Michigan Man Released After Spending Nine Years in Jail for Rape He Did Not Commit

Kenneth Wyniemko, 52, was recently released from a Michigan prison after DNA tests exonerated him of a brutal rape for which he served more than nine years in jail.

Wyniemko was sentenced to 40 to 60 years in jail after being convicted of an extraordinarily brutal rape. A 28-year-old Clinton Township woman was raped repeatedly for three to four hours and then stole of several thousand dollars.

Although less-sophisticated tests of blood, semen and hair showed at the time that Wyniemko was not likely to be the suspect, he was convicted largely due to the testimony of the victim who made what police and a jury believed was a strong identification.

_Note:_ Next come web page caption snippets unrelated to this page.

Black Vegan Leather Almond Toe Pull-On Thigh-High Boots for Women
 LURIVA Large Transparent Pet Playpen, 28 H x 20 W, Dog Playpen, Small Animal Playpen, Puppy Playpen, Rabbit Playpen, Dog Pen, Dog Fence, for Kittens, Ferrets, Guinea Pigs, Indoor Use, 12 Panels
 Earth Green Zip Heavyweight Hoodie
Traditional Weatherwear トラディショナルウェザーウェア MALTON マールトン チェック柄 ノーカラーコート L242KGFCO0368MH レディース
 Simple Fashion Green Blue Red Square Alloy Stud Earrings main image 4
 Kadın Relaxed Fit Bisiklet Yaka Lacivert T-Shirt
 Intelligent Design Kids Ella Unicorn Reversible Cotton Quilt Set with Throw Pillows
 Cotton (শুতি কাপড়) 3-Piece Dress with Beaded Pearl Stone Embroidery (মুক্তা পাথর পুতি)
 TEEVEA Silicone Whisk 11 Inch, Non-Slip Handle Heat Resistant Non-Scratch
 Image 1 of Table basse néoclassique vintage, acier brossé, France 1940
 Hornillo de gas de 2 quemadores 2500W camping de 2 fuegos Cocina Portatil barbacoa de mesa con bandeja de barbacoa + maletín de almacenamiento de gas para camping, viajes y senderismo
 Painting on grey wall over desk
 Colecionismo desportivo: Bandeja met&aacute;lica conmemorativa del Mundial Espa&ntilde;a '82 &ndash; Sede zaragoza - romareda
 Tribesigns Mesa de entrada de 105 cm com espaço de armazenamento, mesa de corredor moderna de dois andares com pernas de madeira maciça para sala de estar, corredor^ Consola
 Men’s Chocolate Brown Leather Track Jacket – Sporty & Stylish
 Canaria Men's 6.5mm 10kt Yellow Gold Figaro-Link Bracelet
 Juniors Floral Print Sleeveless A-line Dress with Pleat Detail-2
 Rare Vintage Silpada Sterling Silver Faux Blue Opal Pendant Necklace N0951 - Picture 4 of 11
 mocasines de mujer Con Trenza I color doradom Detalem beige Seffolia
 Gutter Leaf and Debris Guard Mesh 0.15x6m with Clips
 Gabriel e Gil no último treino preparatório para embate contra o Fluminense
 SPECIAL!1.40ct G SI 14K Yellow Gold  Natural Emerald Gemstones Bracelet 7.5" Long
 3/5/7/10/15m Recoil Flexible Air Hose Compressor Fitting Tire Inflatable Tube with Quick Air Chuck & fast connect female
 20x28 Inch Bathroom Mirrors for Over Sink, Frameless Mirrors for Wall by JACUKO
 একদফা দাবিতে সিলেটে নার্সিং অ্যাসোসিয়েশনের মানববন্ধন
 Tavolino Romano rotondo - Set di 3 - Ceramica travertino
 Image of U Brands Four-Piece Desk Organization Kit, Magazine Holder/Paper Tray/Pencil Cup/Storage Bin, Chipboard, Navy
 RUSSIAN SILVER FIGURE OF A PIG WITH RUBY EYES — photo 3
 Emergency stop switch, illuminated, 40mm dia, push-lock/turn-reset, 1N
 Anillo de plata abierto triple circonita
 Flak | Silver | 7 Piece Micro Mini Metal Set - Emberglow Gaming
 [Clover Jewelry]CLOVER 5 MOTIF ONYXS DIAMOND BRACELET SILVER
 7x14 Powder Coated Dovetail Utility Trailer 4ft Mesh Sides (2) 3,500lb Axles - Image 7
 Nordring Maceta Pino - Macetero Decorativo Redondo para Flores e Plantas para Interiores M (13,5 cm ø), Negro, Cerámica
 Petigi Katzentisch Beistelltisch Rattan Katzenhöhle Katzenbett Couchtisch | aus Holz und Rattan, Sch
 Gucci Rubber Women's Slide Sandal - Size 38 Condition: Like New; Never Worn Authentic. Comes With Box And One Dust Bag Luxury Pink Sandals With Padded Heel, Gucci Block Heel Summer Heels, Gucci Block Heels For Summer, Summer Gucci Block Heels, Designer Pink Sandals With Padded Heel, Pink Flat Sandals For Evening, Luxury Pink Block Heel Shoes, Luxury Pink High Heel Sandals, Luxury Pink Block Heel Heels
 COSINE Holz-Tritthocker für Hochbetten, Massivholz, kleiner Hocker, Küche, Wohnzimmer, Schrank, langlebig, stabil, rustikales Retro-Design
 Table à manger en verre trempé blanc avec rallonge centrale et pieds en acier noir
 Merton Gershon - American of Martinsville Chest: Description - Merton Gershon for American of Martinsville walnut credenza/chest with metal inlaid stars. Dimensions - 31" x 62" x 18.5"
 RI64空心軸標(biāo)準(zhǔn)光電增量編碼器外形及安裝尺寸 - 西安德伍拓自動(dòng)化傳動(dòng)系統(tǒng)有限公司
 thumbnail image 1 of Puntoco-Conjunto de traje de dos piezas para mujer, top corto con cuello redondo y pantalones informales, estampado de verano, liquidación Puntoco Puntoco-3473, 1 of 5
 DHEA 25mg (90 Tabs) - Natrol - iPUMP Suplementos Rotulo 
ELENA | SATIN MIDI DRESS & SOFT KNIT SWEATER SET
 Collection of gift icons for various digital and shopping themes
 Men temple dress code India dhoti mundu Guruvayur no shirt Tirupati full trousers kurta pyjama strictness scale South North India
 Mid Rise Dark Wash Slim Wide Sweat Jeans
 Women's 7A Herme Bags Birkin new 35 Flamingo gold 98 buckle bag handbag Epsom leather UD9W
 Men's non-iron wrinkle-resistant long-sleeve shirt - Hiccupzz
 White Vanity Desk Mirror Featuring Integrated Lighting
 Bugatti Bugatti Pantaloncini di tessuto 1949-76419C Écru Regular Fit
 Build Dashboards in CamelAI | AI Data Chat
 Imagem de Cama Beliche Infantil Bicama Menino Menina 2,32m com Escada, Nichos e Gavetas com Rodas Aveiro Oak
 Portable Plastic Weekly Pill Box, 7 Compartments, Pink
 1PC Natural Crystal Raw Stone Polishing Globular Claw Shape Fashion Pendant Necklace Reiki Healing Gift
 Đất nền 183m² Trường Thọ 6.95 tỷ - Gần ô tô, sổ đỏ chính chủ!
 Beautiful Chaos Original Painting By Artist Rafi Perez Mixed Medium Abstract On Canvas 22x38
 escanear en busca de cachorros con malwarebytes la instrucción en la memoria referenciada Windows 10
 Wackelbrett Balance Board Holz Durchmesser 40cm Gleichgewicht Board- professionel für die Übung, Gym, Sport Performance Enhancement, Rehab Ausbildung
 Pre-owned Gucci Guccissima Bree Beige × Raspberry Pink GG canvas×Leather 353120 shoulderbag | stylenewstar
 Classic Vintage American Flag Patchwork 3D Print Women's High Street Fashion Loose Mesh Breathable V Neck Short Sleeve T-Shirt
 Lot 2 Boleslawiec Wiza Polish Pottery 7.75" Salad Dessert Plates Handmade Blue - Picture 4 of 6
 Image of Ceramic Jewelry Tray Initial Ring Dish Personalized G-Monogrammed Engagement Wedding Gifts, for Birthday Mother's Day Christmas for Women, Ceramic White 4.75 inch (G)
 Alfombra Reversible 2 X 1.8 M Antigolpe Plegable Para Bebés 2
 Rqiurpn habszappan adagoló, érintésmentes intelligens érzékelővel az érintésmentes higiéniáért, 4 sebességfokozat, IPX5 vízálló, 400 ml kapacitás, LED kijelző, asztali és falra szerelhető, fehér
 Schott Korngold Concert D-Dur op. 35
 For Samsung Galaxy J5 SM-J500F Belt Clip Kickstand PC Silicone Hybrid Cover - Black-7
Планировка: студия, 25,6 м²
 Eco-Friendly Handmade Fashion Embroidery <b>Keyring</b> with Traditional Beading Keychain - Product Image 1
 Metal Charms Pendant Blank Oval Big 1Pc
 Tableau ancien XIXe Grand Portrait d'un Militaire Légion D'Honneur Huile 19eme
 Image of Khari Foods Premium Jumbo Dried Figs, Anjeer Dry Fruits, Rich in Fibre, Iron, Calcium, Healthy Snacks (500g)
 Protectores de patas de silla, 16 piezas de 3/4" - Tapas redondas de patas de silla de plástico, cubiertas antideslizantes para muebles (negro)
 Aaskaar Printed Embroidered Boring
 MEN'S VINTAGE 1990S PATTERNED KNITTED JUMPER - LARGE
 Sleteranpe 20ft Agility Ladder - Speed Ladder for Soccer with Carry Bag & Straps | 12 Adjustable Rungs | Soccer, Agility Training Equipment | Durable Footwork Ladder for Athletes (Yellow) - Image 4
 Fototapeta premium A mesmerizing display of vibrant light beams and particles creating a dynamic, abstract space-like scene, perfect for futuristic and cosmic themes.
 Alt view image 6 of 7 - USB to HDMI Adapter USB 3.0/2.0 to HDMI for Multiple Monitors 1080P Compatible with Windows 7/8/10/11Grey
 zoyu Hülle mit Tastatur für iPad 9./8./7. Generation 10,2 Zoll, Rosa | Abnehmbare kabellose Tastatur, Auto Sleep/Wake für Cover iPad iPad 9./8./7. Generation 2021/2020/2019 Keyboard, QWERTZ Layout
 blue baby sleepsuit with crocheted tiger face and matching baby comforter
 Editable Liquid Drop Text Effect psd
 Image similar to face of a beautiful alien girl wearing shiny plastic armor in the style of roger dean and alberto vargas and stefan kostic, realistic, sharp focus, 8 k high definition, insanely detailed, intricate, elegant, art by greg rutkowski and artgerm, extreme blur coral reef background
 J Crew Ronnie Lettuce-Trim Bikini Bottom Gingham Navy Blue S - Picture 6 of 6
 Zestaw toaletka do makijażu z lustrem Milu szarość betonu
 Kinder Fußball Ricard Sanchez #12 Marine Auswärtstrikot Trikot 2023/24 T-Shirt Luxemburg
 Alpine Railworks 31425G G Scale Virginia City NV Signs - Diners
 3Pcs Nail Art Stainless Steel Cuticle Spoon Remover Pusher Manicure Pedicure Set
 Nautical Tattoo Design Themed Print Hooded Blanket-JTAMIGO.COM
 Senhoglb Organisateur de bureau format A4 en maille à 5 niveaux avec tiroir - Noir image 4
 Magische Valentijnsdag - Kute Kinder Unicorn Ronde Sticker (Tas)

In addition, when he was arrested Wyniemko had $3,000 in cash without a good explanation of where the money came from.

But new tests show that none of the blood, semen or hair samples collected at the scene of the crime matches Wyniemko’s DNA. One main lesson that has emerged from the 128 DNA exonerations of convicts nationwide is just how unreliable eyewitness testimony often is.

Macomb County Prosecutor Carl Marlinga apologized to Wyniemko for the near-decade he spent in jail for a crime he did not commit. Of course Macomb County has another problem on its hands — a brutal rapist who is possibly living in the community. Police submitted the DNA samples to a nationwide database of convicted criminals, but came up with no matches.

This case also highlights the need for laws that allow convicted criminals to use DNA tests to challenge their convictions even if their appeals have already been exhausted. Wyniemko’s case was taken up by the Thomas Cooley Law Schools’s Innocence Project after Michigan passed a law in 2001 allowing for new DNA testing in rape convictions where the identity of the assailant was not established through scientific tests.

Sources:

DNA tests exonerate man. Kim North Shine, Detroit Free Press, June 12, 2003.

Man who spent nearly a decade in prison for rape freed after DNA evidence clears him. Associated Press, June 17, 2003.

Man cleared of crime by DNA likely to be freed. Associated Press, June 12, 2003.